This is a planner/notebook that one of my mother’s relatives gave me 30 years ago, when my mother took me to see them in Taiwan. For whatever reason, I haven’t used it until 30 years later. It feels right to be using it as a notebook for my residency, connecting my family past in Taiwan to my present in Germany.
The notebook mostly has typical note-taking pages like those featured here. But at the front there are a few pages that introduce the factory where my relative (grandfather? one of my uncles?) worked.
The logo catches my eye:
The English words are meant to translate the Chinese text, “Shilin Electric is Growing” but that unnecessary preposition gives the phrase an unintentionally ironic double meaning.
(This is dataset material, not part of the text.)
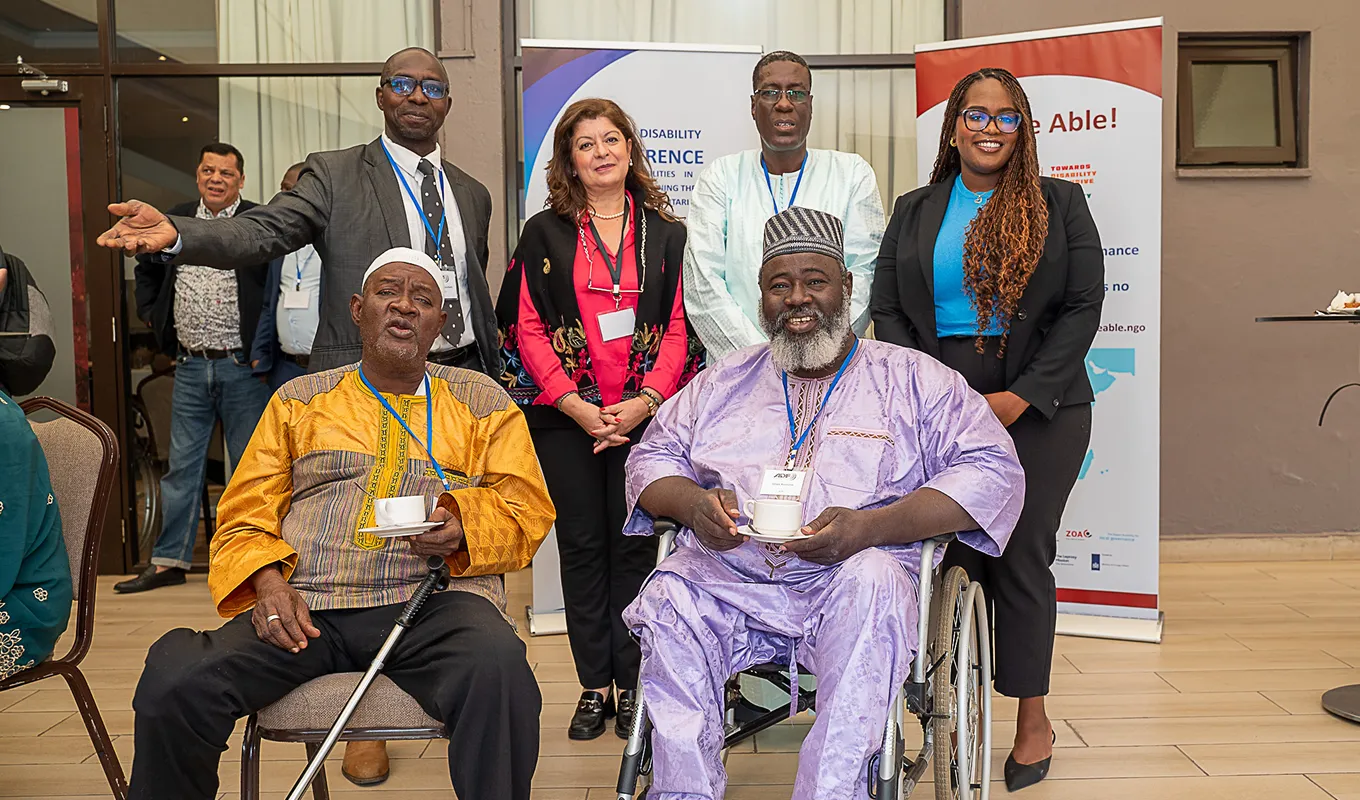 Group of six diverse adults posing at an event with two men seated, one in wheelchair, holding cups.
Nonetheless, this phrase speaks to my present condition. For the last ten years I’ve produced over 300 video essays, an average of over 30 video essays a year, which in hindsight seems rather excessive. As I am presently cataloging them on my Vimeo account, I wonder, who would bother today to watch even half of them now? These doubts about their value were compounded last month when the company for whom I had produced the majority of them unilaterally decided to remove them from the internet. Just like that, over 200 video essays disappeared. It was a shocking and humbling experience to see the last six years of my work vanish, as if I had never made them.
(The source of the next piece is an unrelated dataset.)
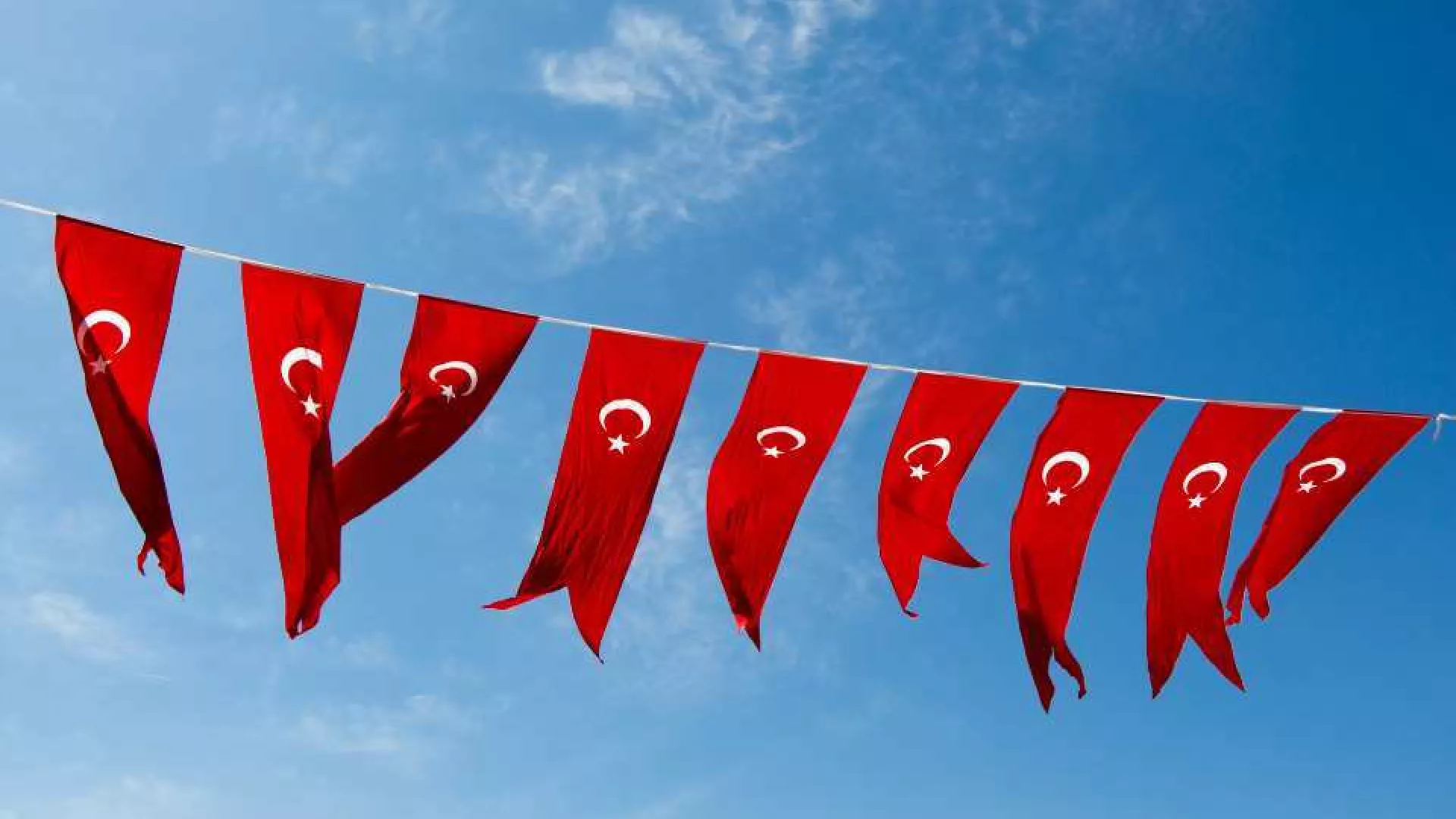Rijen Turkse vlaggen wapperen tegen een blauwe lucht.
Needless to say, I no longer work for that company, and my resignation actually aligns serendipitously with my time at the residency. I really would like to use this time to evaluate the lasting value of what I’ve done to date, and chart a course for the most worthwhile type of work to engage with going forward. Part of that equation involves devising a better philosophy and approach to work itself. This question about work and its value has popped up intermittently in this blog, most notably in my posts pondering what the value of this blog itself is, and how to engage with it in such a way as to be truly fulfilling. My experience in the second half of last year making videos optimized for Facebook and mobile devices gave me extended exposure to an economy of overproduction and imminent disposability of content (aka clickbait), which led to work that became increasingly unfulfilling in nature. I now feel the urge to do as little as possible, while thinking as much as possible about what it means to “do.” Instead of overdoing, I need some time to undergrow, in order to truly be “under growing.”
The calendar section of this 30 year old planner has three columns next to each date. I’m not sure what the original purpose of these were, but I use them to note the most significant or happiest things that happened in each day. It turns out that a day needs no more than three significant things to happen to be memorable – and that doing fewer things allows for those significant things to be more significant. This exercise has thus given me some agency to think about how to reduce the number of things I get involved in, and have more time and energy to give to what endeavors can give the most in turn.
For this reason I’ve decided that I will most likely not continue the “Who Should Win the Academy Awards?” video essay series that I’ve produced for the past five years. I learned a lot from producing the series in the past, and I enjoyed much success with it. But at this point, when I think about the best use of my time, this series doesn’t call out to me. For one thing, it’s harder than ever to see the value of Oscars when the world, and the United States in particular, teeters on the brink of massive upheaval. There are other projects that seem much more relevant to these times.
All the same, today I am watching Fences and enjoying Denzel Washington’s performance. I hope he doesn’t need my advocacy to get a win.